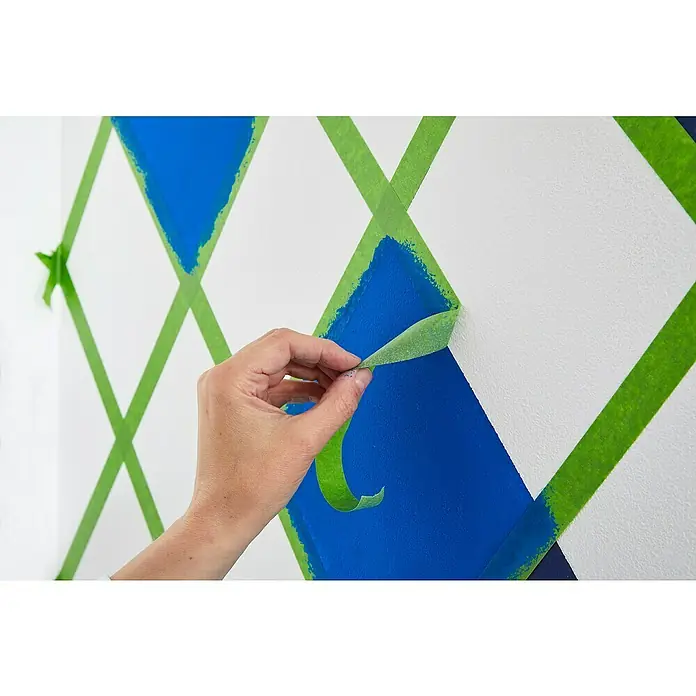 Frogtape Cinta de pintor - 41 m x 3,6 cm - Una persona retira cinta de pintor de una pared con diamantes pintados de azul, revelando un patrón geométrico limpio.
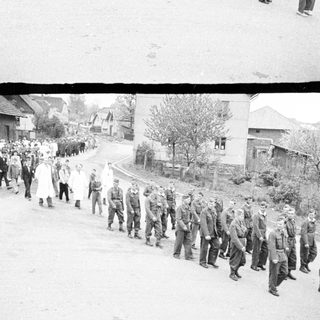 Here's a brief summary of the image: Marching procession of medical personnel and soldiers.
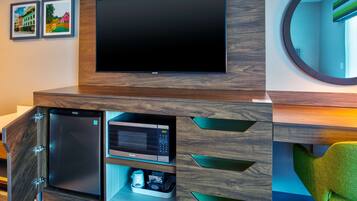 A modern entertainment unit with a flat-screen TV, a microwave, and storage drawers.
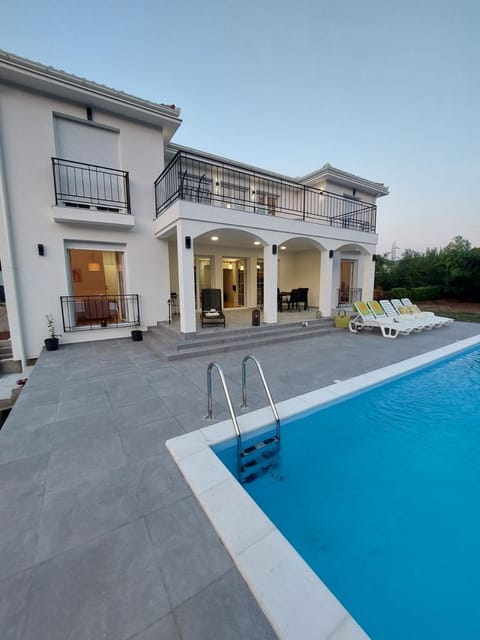 Property building, Pool view, Swimming pool, sunbed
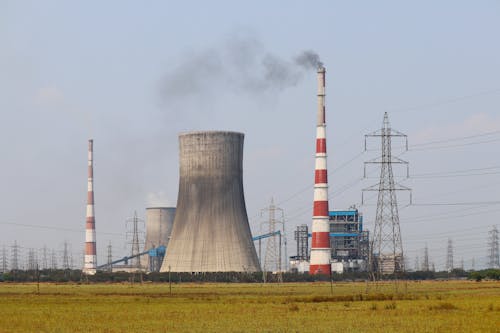 Free View of a Power Plan with Smoke Coming Out of the Chimneys Stock Photo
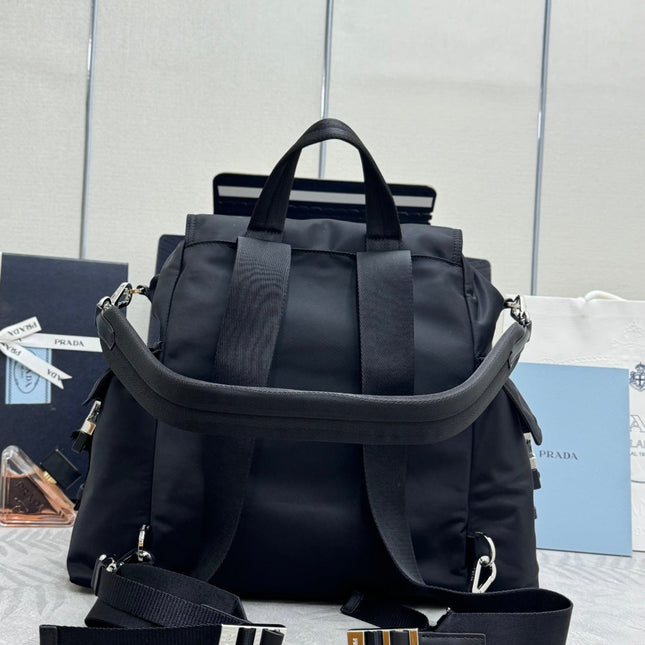 PRADA 25S EXPLORE BACKPACK 39 IN BLACK RE-NYLON AND CALFSKIN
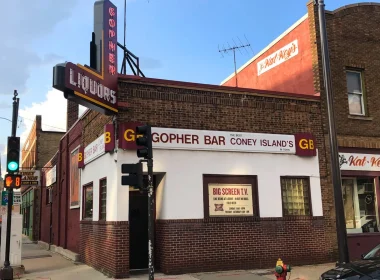 The outside of the Gopher Bar in Minnesota. It's a sunny clear blue sky day in the photo of the brick building.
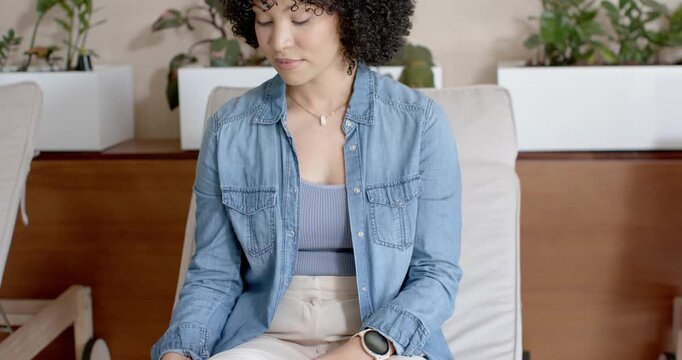 African-American woman sitting on lounge chair after shifting grabbing smartphone tapping scrolling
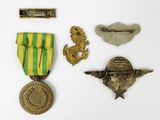 some medals and pins are laying on a white surface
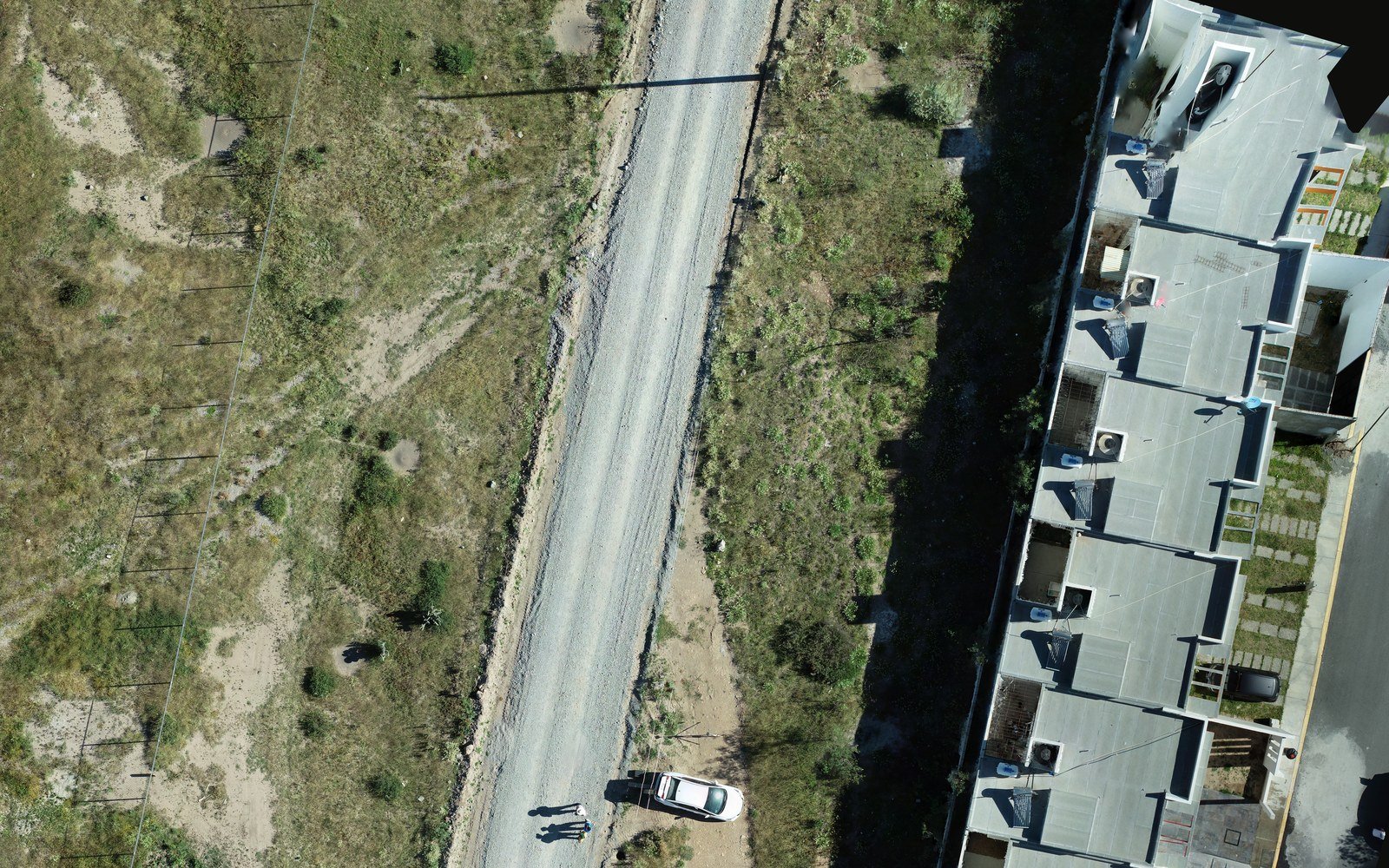 Ortofoto aérea de un levantamiento con dron: camino, terreno natural y vivienda en la orilla del predio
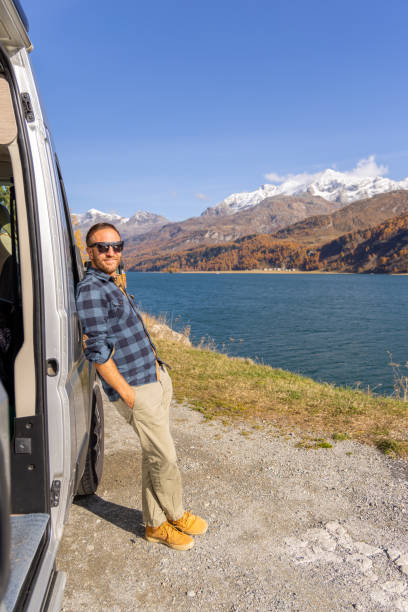 istock Man Relaxing by Camper Van with Stunning Lake and Mountain View 2184554093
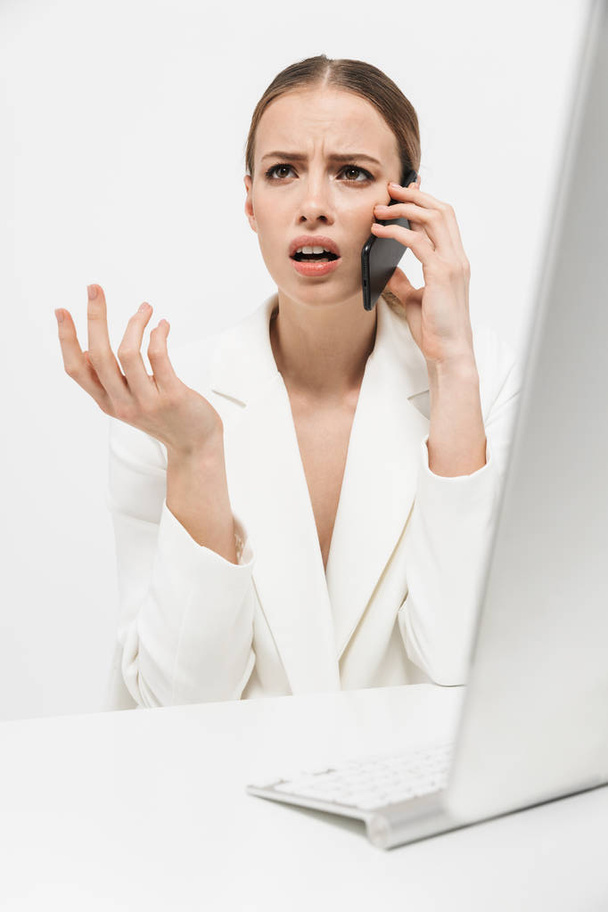 Displeased woman sitting isolated over white wall background using pc computer talking by mobile phone. - Valokuva, kuva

***

[WHAT YOU NEED TO DO] Give the lines again exactly, beginning with the first line of the records above and ending with the line that contains "The outside of", and include no pictures.

[RESULT FOR THIS TASK]
 Frogtape Cinta de pintor - 41 m x 3,6 cm - Una persona retira cinta de pintor de una pared con diamantes pintados de azul, revelando un patrón geométrico limpio.
 Here's a brief summary of the image: Marching procession of medical personnel and soldiers.
 A modern entertainment unit with a flat-screen TV, a microwave, and storage drawers.
 Property building, Pool view, Swimming pool, sunbed
 Free View of a Power Plan with Smoke Coming Out of the Chimneys Stock Photo
 PRADA 25S EXPLORE BACKPACK 39 IN BLACK RE-NYLON AND CALFSKIN
 The outside of the Gopher Bar in Minnesota. It's a sunny clear blue sky day in the photo of the brick building.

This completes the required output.